Leonard Mead has been going on his walks for a full decade.

In ten years of walking by night or day, for thousands of miles, he had never met another person walking, not once in all that time.

He's alone on all of those walks; therefore, he is also free to make decisions about where he goes and when he comes home. Mead loves it. His nightly walks are incredibly freeing to him.

To enter out into that silence that was the city at eight o'clock of a misty evening in November, to put your feet upon that buckling concrete walk, to step over grassy seams and make your way, hands in pockets, through the silences, that was what Mr. Leonard Mead most dearly loved to do. He would stand upon the corner of an intersection and peer down long moonlit avenues of sidewalk in four directions, deciding which way to go. . . 

That all comes to a stop when he is finally found by the one roving police car. He is asked a series of questions, and Mead's answers make him look more and more odd compared to the rest of the population. Eventually, the police car orders Mead to get into the car so it can take him to a psychiatric facility. This is when Mead feels trapped. He realizes that he is no longer in control of his life, and he begins to feel out of control.

He walked like a man suddenly drunk.

He can't choose where to go next. The decision has been made for him. He's essentially forced into the police car, and once in the car, Mead is genuinely trapped in a jail cell.

He put his hand to the door and peered into the back seat, which was a little cell, a little black jail with bars. It smelled of riveted steel. It smelled of harsh antiseptic; it smelled too clean and hard and metallic.

That jail cell of a car will then take Mead to a psychiatric facility where Mead will continue to be trapped.

"Questions existing systems" might apply a little bit to Leonard Mead. I don't think Mead questions the state of the world. He accepts that nobody else goes on nightly walks. He might lament the state of the world, but he doesn't question it. The closest that Mead might come to questioning an entire existing system is when he says, "Wait a minute, I haven't done anything!" and "I protest" against the car's order for him to get in. That's as close as Mead gets to asking a "why"-type question; however, even as he protests, Mead has already accepted the fact that he will get in. That's why he asks where the car will take him even before he gets in the car.

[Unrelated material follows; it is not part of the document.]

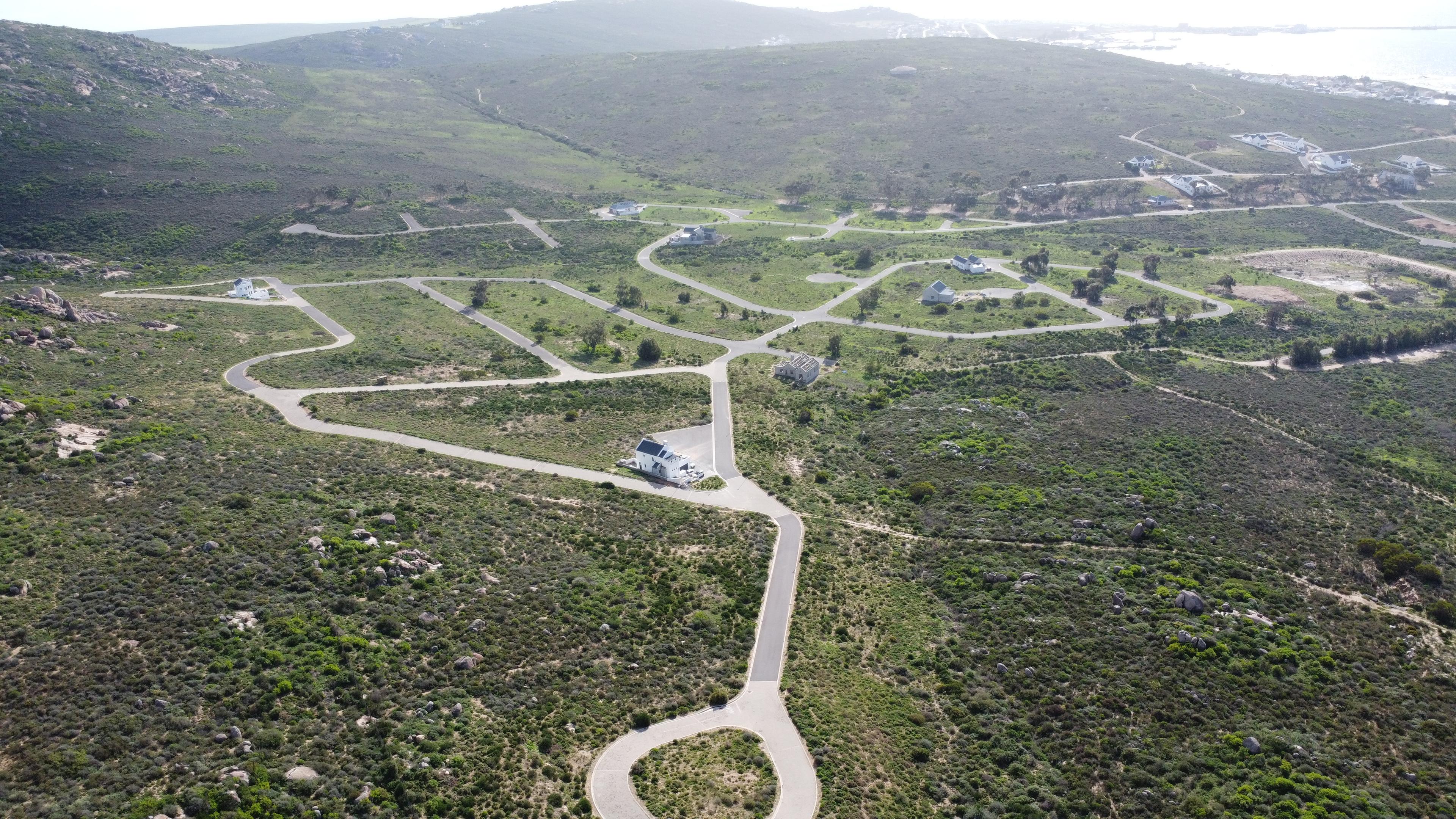 Image 5 of 6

I don't feel that the other two statements apply to Mead. His walks are not his way of "sticking it to the man." They are something that he loves to do, and he isn't trying to convince other people that they should follow his example. He's not trying to change the system, nor is he trying to escape from it. He's been doing his walks for a decade, and he doesn't try to run away and escape from the police car either. If Mead isn't trying to change anything, then he can't fail in his attempt to change anything. You can't fail at something you don't try.